Greg Mason tips for releasing creativity

I’ve recently noticed that having unfinished paintings looking at me from the walls of my studio has been a big distraction to moving forward with the piece that I’m currently working on. Their neediness ‘calls out’ in a way that disturbs me and stops me being able to give myself completely to the most important painting – the one that’s actually on the easel in front of me.

I wonder if it’s the same for other artists.

Anyway, my solution is to periodically create a clearing and review what I’ve started in a way that allows me to move on from paintings that are never going to work and let go of those that were started with interest – but will never call me back to finish them.

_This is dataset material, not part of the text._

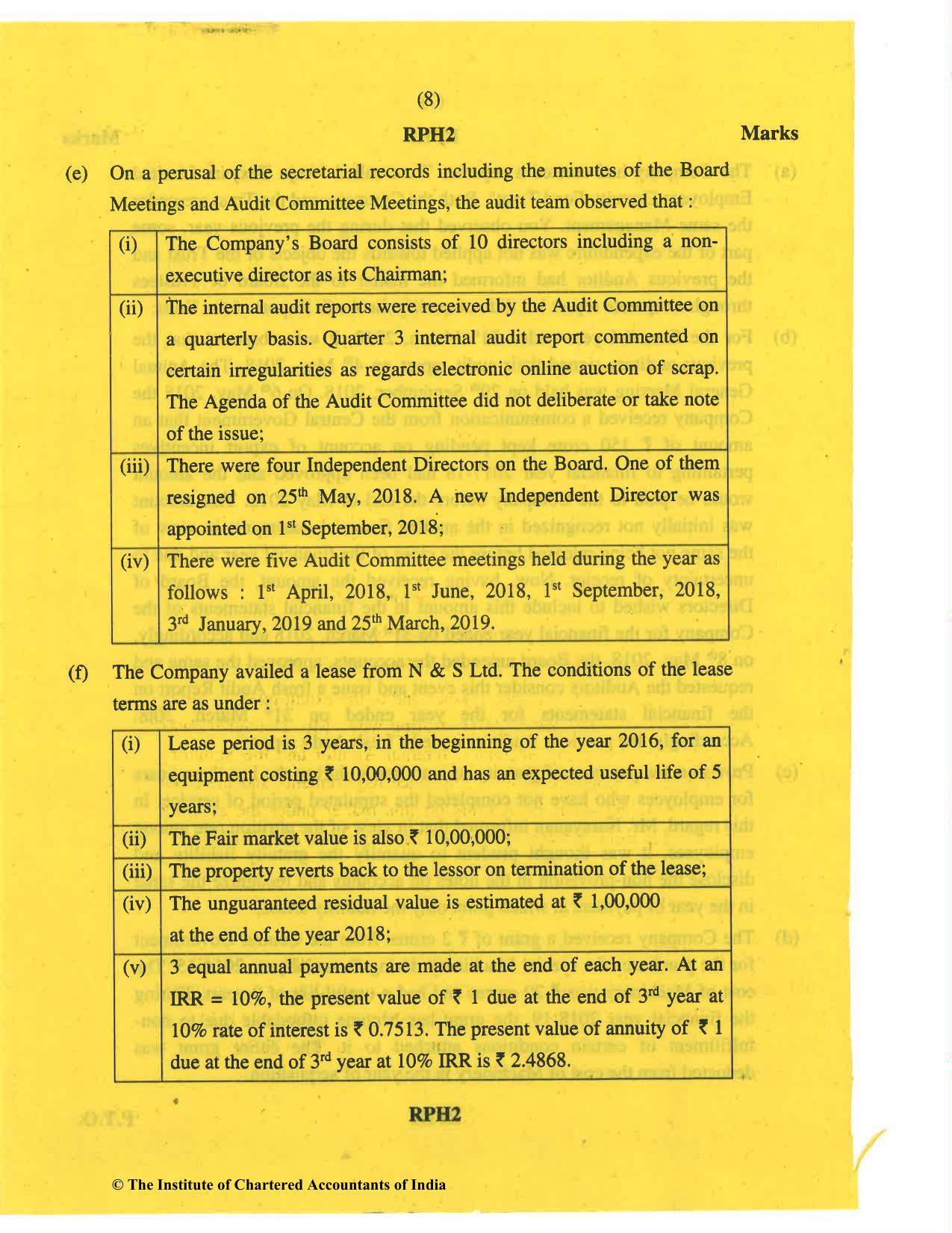 CA Final May 2019 Question Paper - Paper 6F – Multidisciplinary Case Study - Page 8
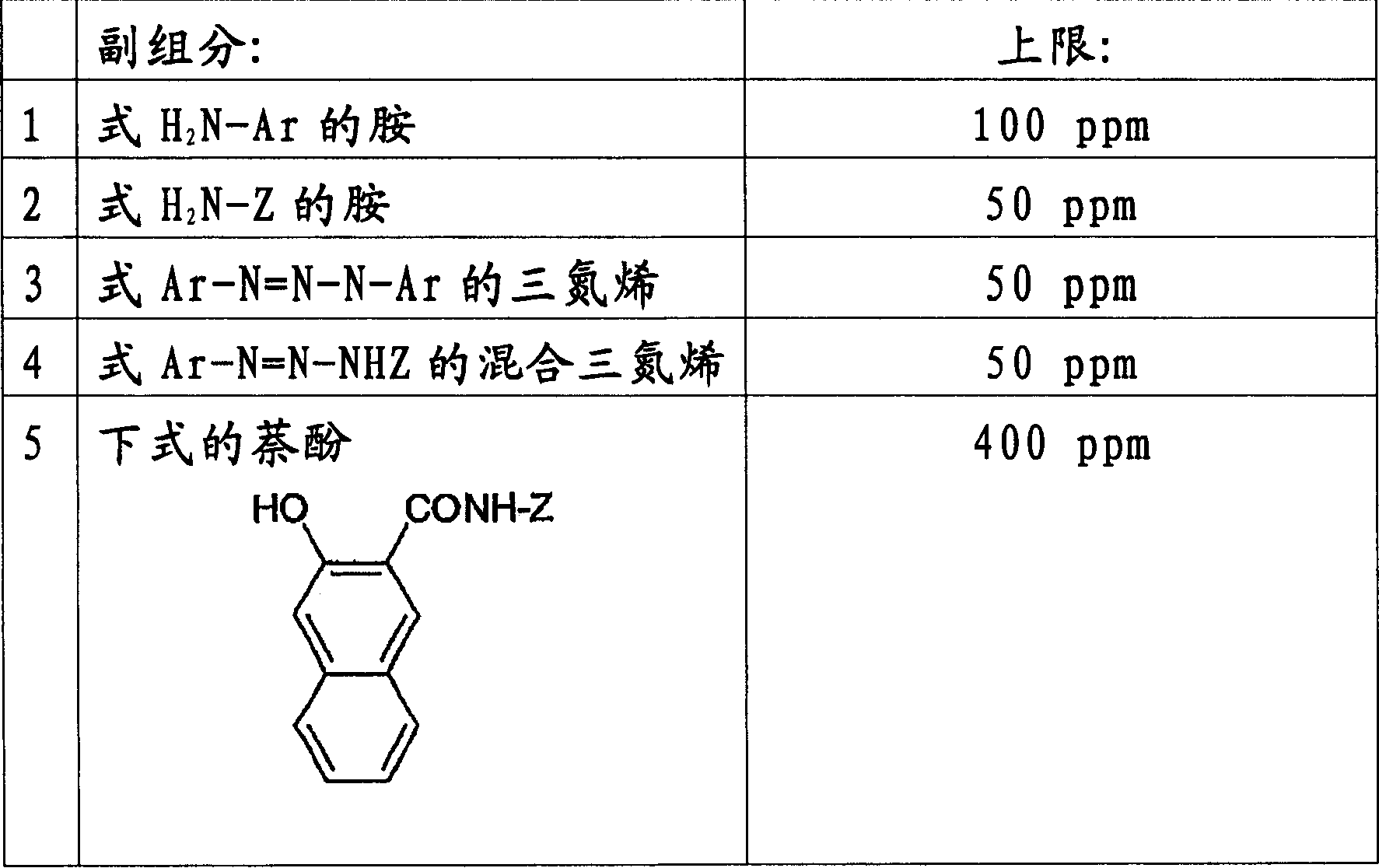 High-purity naphthol as pigments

We all have paintings that were begun with passion and enthusiasm, where we saw something in the subject or in a moment that called out to us, but which have never moved past that initial burst of energy and now lie dormant on the studio floor. In this situation, and in order to move past this, there are three questions I ask myself to see if I can let go or commit to finish the work.

“Do I still believe in what I saw in the painting when I started?”

“Does it fit within the vision of the kind of work I see being representative of my practice?”

“Will I commit to finish it and (most importantly) when?”

It may be brutal, but if I don’t get three clear, positive answers to these questions then I let go and paint over it. You might need to get someone to help you with this as an independent voice asking you these deep reflective questions is sometimes better than your own. I certainly have a friend who helps me in this way and it makes a big difference.

What you’ll find, if you employ this technique, is a clearing of your physical space and a profound clarifying of your intentions as an artist. It’s so important to take stock and refocus yourself once in a while. For sure, allow yourself seasons to experiment and reach out to new ideas and new methods – but don’t be driven by the buzz of the new. Don’t let the ‘unfinished’ stack up and strangle the ‘completer’ in you.

So my final tip is ‘be aware of your personality type’ and notice how it affects your behaviour. If you, like me, have noticed patterns in your life that repeat themselves over and over (and for me that would be the love of starting new things) then use them as strengths but don’t be afraid to call them out if they hold you back. Release the completer finisher and give yourself the freedom to move wholeheartedly into your next piece of work.